Thursday, September 13, 2007

Which is More Foreign?

The fall semester has begun, and I'm back to my teaching and grad studies. The title of my interdisciplinary program is "Mathematics, Language, and Cognitive Studies." I'm finding that the emphasis is on the second word more than I had imagined it would be!

Last year I shared in a couple of posts the foreign langauge that Real Analysis was. Here is an example.
This semester I'm taking a course entitled The Philosphy of Language. We have begun by doing readings from Heidegger's Being and Time. Here is an example:

The statement that Da-sein, existing, is its there means: World is "there"; its Da-sein is being-in. Being-in is "there" as that for the sake of which Da-sein is. Existing being-in-the-world as such is disclosed in the for-the-sake of which, and we called this disclosedness understanding. In understanding the for-the-sake-of-which, the significance grounded therin is also disclosed. The disclosure of understanding, as that of the for-the-sake-of-which and of significance, is equiprimordially concernd with complete being-in-the-world. Significance is that for which world as such is disclosed.
Hmm . . . this is going to be interesting.

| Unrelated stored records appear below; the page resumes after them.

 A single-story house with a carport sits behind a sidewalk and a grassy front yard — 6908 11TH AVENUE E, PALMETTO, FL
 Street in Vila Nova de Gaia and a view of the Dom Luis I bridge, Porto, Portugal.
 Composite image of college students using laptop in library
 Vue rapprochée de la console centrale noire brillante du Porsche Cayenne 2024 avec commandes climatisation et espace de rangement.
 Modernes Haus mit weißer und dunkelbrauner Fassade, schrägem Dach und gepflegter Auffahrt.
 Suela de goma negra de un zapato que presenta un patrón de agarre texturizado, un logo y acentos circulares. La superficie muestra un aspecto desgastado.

Although it is written in English, I find it far more foreign than the mathematical symbols above! What do you think?

The professor stated this work is far more understandable in the original German - um, somehow that was not a comfort to me!


Anonymous said...

Heidi, Heidegger is my favorite philosopher. I had to read several commentaries before I could read the original "Being and Time," but now I can. It is like reading a new language. It was definitely worth the effort though. Heidegger shapes all my theories on creativity and puzzle solving. I can recommend some commentaries or I can explain some things to you, if you want.

Heidi said...

Wow! Yes please!

I can tell there is something there, and it is drawing me.

I didn't quite know what I was getting into. Given the course title, "Philosophy of Language" I was imagining something more like linguistics - something I now know is VERY different from what this course is about.

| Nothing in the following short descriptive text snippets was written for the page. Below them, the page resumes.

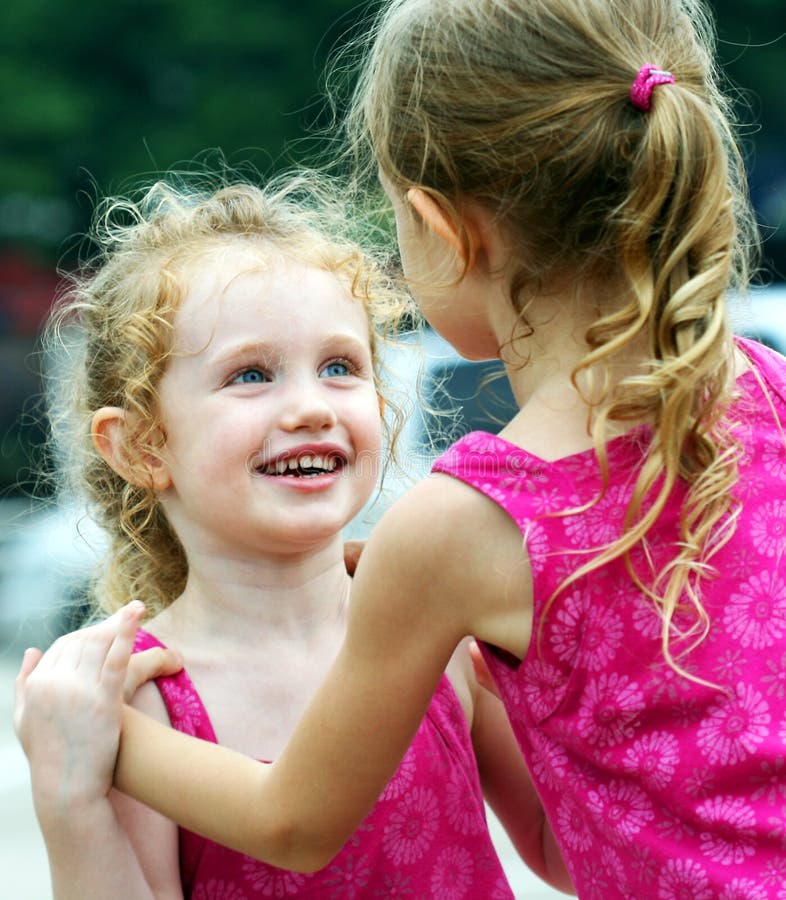 A Little Girl Smiles Adoringly at Her Sister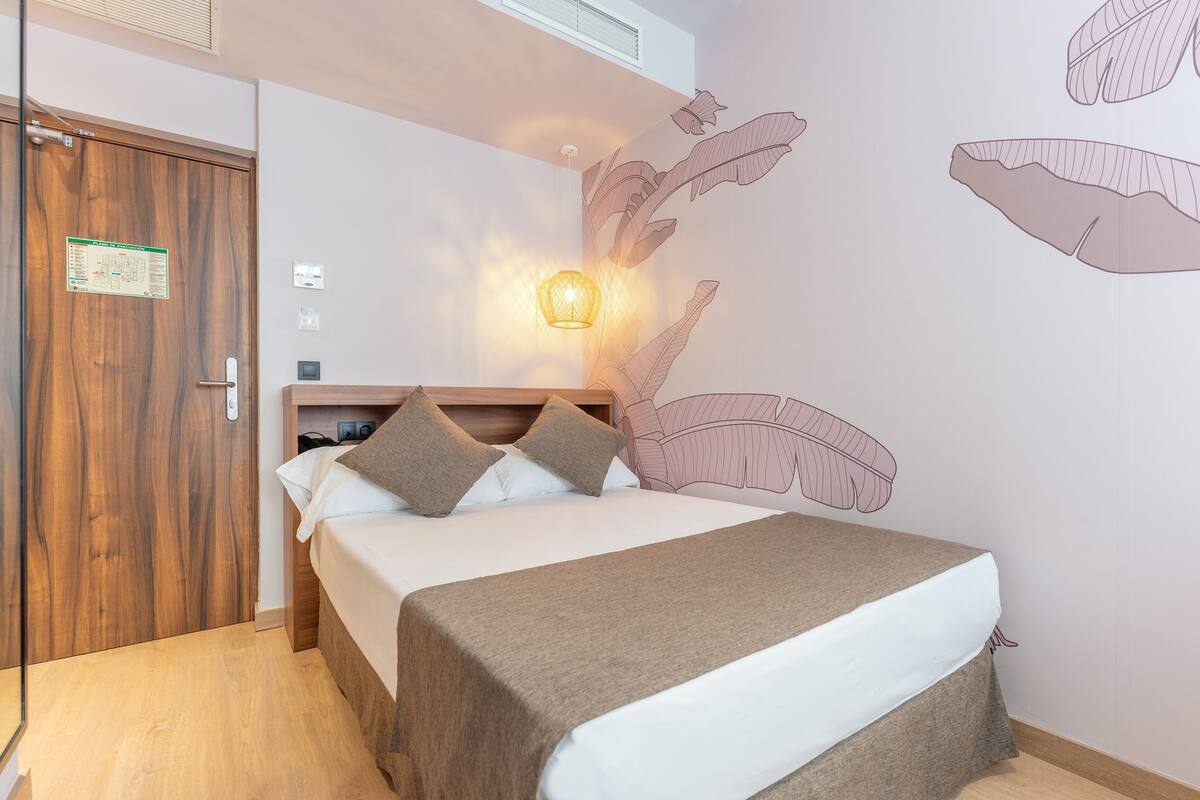 A bedroom with a wooden door, a bed with a white and brown bedspread, and a wall with leaf patterns.
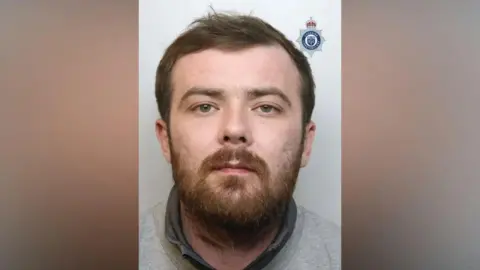 A mugshot of Sean Garner, who has a brown beard and is wearing a grey sweatshirt.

I've always enjoyed reading popular works on philosophy, but the only philosophy course I had was 24 year ago - a survey course - so, perhaps I was arrogant to leap frog over all the lower and upper division philosophy and jump into a graduate level class!!

One certainly could not do that with mathematics, and I'm hoping this is not analogous!

A.J. McCaffrey said...

Heidi, the best explanation I've found is in Hubert Dreyfus' book.

Being-in-the-World: A Commentary on Heidegger's Being and Time, Division I. by Hubert L. Dreyfus

If you have particular questions such as 'what is being-in-the-world' or 'how does Heidegger differ so from philosophers that preceded him' just let me know. I can dig up a paragraph here and there from papers that I've written on him.